According to the National Survey of Family Growth (CDC, National Survey for Family Growth 2019), 79.3 percent of women surveyed from 2011 to 2015 have ever used “the pill,” slightly lower than the 2006–2010 survey, and 82.3 percent in the 2002 survey. The number for “ever use” of 79.3 percent is used in subsequent calculations. According to the 2010 census (Howden and Meyer 2011), there were 156,964,212 women in the United States, of whom 24 percent were under eighteen years of age. Thus, there were 119,292,801 women aged eighteen years or older.
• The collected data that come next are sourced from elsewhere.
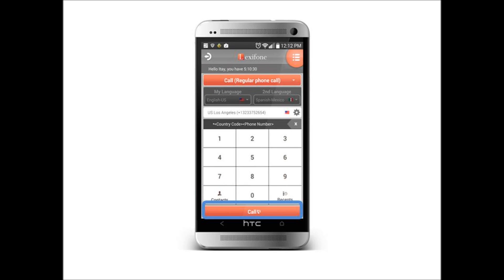Other menu options include paying credit, call history, profile, Lexiphone's website where you can manage your account, tutorials, and our pricing table. We'll see you next time.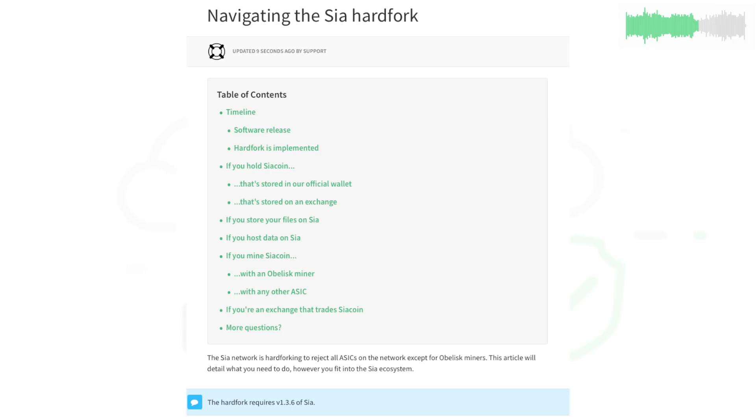And we've got a new article on the Support Center to help you navigate the upcoming fork no matter where you fit in the SIA ecosystem.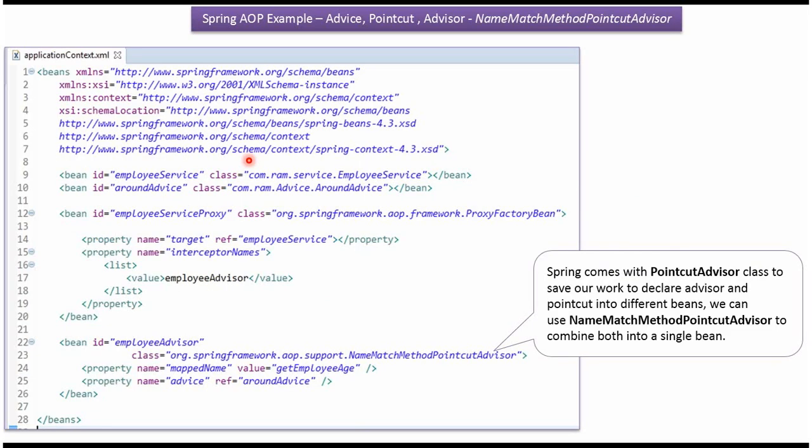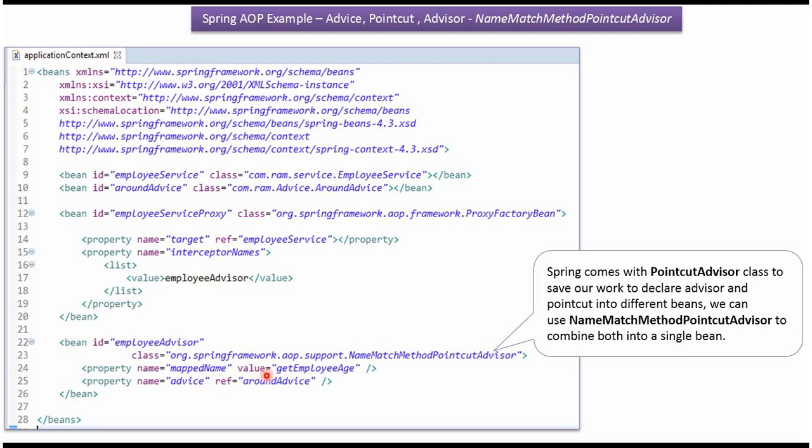This is a Spring configuration file. Here I have created beans for EmployeeService class, AroundAdvice class, and NameMatchMethodPointCutAdvisor class. NameMatchMethodPointCutAdvisor has two properties: MappedName and Advice. For MappedName I have put the value GetEmployeeAge, and for Advice I am referring to AroundAdvice. So AroundAdvice will be only applied to the GetEmployeeAge method.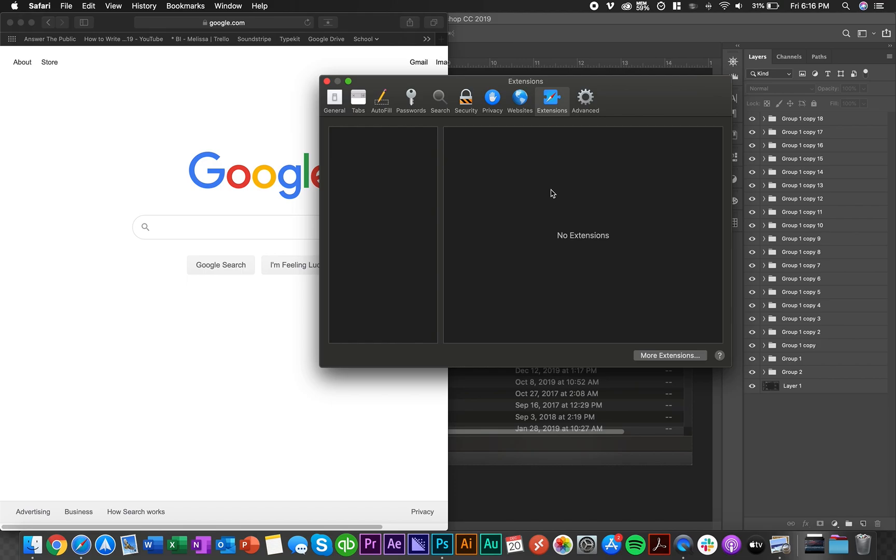But once you delete all of those little extension things then it just leaves your extension tab. So hopefully that works, it worked for me, hopefully works for you. Take it easy.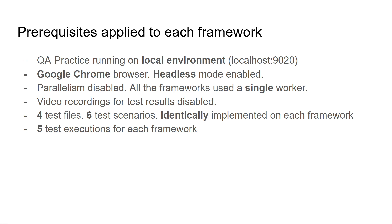I created 4 test files with a total of 6 test scenarios identically implemented on each framework. There were 5 test executions performed by Cypress, 5 by Playwright and 5 by TestCafe.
This implies that 94,599,191 women in the United States have ever used the pill. As noted above, this does not include women using intravaginal and transdermal formulations. This will be a low estimate as there are women younger than eighteen who have used COCs or POCs.
The numbers 9,699,000 for current use and 94,599,191 for “ever use” of COCs were utilized in some of these calculations. In other calculations, the census data for specific age groups were used if they were the groups most likely to be impacted by the current or recent use of COCs.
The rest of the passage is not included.